An even more disturbing bit of news from HHS is that recent estimates indicate that 38.8 million adults are considered obese (meaning their body fat is 20 percent above desirable weight), and, in addition, there has been an increase in body fat levels in children and youth over the past 20 years. All of this in the face of increased awareness of exercise, low-carb diets, and even fat-free Twinkies.
OK, so we've found out through these sobering statistics that more people are sitting on their couch than on an exercise bike. That is a good thing. Yes, you read that right. Well, not the fact that these people are not taking care to make themselves healthy, but, the fact that as an industry, fitness is fairly successful (or so we believe), while only bringing in 30 percent of its possible audience. Unless you are playing baseball, hitting .300 is pretty low [heck, Mike Piazza leads all active hitters with a .325 lifetime batting average — higher than the fitness industry]. If health clubs are thriving and growing with these numbers, just imagine the potential success when the fitness industry somehow taps into the audience that is just sitting there (quite literally) and gets them involved and enrolled in fitness facilities.
Ah, there's the rub. How is the industry going to do that? I don't have the answer. I wish I did (since it no doubt would pay better than editing a magazine). But I believe that it is possible. Of course, we won't get everyone into the clubs — or even working out at home — just like we won't get everyone to eat right or stop smoking, including current members and some staffers (you know who you are).

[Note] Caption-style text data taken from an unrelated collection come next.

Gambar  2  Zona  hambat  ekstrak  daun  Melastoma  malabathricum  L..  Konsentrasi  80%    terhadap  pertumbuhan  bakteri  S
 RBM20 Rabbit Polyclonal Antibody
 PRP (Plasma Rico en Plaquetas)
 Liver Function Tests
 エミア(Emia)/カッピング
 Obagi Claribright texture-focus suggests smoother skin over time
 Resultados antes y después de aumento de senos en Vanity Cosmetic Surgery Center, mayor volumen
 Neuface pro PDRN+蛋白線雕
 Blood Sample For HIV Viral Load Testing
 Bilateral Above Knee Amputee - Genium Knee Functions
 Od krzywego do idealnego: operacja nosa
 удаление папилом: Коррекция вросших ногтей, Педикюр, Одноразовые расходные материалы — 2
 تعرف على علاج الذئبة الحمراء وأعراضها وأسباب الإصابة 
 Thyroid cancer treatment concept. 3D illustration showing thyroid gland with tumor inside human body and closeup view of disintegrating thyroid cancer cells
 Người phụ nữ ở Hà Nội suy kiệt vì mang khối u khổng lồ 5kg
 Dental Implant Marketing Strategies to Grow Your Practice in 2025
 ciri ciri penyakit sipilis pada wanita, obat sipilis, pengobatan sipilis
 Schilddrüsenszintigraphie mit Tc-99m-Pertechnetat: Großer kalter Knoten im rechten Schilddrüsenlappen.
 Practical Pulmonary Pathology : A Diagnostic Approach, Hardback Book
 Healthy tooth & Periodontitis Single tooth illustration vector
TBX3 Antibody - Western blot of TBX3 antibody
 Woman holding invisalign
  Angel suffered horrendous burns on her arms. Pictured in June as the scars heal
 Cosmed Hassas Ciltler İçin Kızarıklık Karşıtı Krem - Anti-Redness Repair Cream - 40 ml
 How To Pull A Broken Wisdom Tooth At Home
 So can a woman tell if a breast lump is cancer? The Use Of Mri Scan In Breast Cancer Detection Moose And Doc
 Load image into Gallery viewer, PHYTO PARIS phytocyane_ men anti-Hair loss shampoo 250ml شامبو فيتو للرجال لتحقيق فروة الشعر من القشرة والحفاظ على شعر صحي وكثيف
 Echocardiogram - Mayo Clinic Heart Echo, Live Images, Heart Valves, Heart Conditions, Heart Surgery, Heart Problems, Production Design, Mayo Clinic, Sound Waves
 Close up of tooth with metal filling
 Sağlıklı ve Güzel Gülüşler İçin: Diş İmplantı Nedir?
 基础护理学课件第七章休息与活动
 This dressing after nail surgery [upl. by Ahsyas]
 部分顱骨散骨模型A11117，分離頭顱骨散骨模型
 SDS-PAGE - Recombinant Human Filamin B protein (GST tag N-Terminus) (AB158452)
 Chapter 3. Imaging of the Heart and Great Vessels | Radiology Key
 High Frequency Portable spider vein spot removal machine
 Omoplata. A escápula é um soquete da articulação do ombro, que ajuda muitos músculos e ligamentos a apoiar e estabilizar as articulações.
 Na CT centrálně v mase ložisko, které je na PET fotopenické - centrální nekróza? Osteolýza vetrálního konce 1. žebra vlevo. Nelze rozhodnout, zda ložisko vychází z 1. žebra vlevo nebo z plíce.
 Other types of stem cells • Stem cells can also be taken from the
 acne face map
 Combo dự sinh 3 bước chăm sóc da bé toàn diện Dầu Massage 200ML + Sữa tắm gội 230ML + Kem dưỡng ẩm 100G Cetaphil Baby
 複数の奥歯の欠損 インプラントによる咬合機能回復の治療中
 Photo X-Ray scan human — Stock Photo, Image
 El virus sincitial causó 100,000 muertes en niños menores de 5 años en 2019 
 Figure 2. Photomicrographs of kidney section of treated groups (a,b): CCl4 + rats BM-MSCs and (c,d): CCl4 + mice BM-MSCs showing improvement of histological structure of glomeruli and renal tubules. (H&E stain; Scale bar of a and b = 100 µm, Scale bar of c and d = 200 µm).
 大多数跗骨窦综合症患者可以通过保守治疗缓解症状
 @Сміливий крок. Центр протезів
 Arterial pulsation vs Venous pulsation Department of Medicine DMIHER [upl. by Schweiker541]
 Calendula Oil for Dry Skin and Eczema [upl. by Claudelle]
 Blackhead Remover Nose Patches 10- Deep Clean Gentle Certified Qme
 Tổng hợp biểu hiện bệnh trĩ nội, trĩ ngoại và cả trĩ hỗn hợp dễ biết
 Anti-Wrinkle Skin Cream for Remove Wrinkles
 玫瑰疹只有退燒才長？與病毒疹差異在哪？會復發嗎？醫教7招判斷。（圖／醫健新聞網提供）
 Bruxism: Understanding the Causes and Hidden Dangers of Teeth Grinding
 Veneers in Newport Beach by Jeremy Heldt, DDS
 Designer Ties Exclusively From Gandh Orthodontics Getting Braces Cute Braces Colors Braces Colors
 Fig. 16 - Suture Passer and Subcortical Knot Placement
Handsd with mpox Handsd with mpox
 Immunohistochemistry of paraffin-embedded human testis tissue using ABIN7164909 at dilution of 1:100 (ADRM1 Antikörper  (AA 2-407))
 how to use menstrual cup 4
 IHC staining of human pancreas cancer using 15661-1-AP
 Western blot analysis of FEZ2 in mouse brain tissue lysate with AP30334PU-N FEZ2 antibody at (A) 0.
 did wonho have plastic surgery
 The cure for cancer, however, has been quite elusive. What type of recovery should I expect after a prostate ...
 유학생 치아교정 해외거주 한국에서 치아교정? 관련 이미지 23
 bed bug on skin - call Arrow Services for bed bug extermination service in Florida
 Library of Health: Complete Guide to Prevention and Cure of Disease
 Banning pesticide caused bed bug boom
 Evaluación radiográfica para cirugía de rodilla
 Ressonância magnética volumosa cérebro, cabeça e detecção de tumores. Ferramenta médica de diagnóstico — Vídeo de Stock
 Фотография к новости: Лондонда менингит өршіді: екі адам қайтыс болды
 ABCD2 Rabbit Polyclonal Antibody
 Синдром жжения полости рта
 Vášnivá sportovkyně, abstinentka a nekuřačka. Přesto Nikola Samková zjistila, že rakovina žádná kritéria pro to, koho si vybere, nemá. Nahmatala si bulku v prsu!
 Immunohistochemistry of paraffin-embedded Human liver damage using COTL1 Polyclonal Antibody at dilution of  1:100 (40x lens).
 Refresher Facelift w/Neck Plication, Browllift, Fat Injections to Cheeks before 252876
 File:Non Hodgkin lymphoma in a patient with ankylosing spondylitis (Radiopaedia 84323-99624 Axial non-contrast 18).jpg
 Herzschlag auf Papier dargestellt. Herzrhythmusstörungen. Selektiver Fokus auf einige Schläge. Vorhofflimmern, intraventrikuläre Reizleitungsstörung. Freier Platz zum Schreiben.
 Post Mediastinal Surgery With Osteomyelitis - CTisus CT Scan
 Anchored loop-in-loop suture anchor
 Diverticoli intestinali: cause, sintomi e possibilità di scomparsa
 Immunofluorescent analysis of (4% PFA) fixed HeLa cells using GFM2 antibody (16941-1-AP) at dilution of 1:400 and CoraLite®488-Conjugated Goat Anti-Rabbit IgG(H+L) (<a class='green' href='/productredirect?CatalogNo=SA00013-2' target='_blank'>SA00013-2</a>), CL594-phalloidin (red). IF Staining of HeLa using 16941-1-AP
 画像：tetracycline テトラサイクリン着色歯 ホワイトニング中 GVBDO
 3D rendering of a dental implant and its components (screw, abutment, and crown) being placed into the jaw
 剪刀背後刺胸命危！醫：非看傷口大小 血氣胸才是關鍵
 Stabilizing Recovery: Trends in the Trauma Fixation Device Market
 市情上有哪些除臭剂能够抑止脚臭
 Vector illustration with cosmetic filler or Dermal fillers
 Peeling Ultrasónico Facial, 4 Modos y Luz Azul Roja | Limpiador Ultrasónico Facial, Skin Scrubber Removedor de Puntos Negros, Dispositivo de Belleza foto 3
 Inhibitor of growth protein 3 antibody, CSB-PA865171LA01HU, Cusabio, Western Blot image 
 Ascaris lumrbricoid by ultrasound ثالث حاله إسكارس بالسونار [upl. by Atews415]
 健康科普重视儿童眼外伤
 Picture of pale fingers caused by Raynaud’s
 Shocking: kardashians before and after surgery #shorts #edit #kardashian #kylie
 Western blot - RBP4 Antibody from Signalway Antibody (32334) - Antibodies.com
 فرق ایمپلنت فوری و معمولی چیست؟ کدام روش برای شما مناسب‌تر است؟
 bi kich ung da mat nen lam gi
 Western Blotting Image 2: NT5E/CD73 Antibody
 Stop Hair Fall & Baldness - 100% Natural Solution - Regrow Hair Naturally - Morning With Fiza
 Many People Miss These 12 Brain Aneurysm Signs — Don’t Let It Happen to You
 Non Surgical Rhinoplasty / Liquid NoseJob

But I believe that if the industry — that includes clubs, vendors, retailers and anyone connected to making a living by encouraging fitness — was to work together on a campaign to encourage fitness (think of the pork industry, it has the country convinced it offers health food) and, in turn, use of health clubs, that number could rise to 50 percent or higher. Now, batting .500, that's impressive, and, more importantly, profitable.